In Europe, Actinomadura infections have almost exclusively been diagnosed in immigrants from purported endemic areas [8], but rare endemic cases have also been reported. In Albania, a 45-year-old man with no history of travel to tropical or subtropical areas was diagnosed as having Actinomadura sp. infection of the foot [2]. In Greece, a 38-year-old man who reported no history of travel abroad presented with a chronic osteitis of the left foot caused by A. madurae[4]. A third autochthonous European case of Actinomadura sp. infection was described in Italy [3]. Recently A. sputi was isolated from the sputum of a German patient [5].

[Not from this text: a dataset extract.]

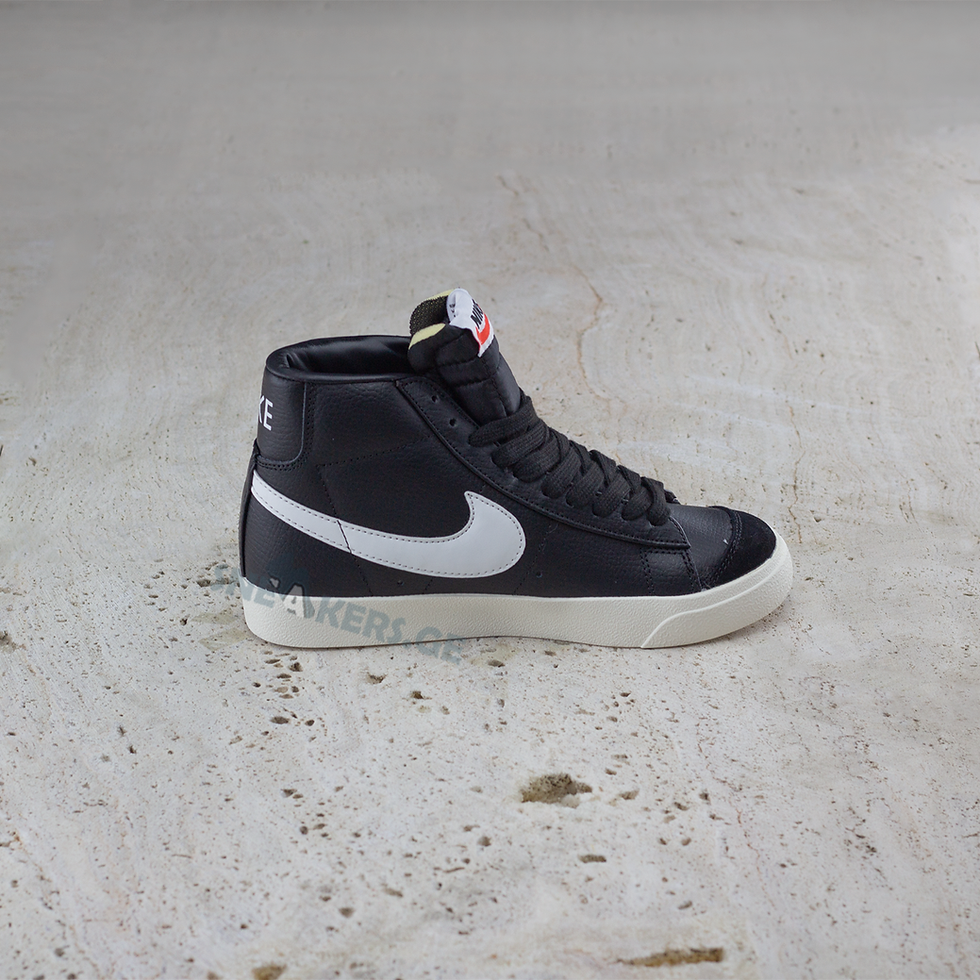 Thumbnail: Nike Blazer Mid 77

Our report is the fifth reported case of autochthonous Actinomadura infection in Europe, and the first in France. In addition, to the best of our knowledge, this is the first case of A. meyerae infection. As we isolated it in pure culture from a bone biopsy, we are confident that it was the causative agent of our patient's bone infection. A. meyerae was first described as Actinomadura meyerii in 2003 [9]. The type strain was isolated from a garden soil in Mexico City [9]. Our patient had not travelled to the usual endemic zones of mycetoma, but had a specific history of wound contamination with hay. This is the likely source of infection, as Actinomadura infection in mycetoma results from the introduction of this agent by minor percutaneous trauma, often associated with plant debris and/or soil. Using cotrimoxazole for six months due to the presence of internal fixation material, the infection improved rapidly, bone healing was obtained and our patient's infection was considered as cured one year later.

Conclusion

Our report highlights the potential risk of Actinomadura infection in France, in particular in workers exposed to hay in agricultural settings, and identifies A. meyerae as a new pathogenic Actinomadura species.

Consent

Written informed consent was obtained from the patient for publication of this case report and any accompanying images. A copy of the written consent is available for review by the Editor-in-Chief of this journal.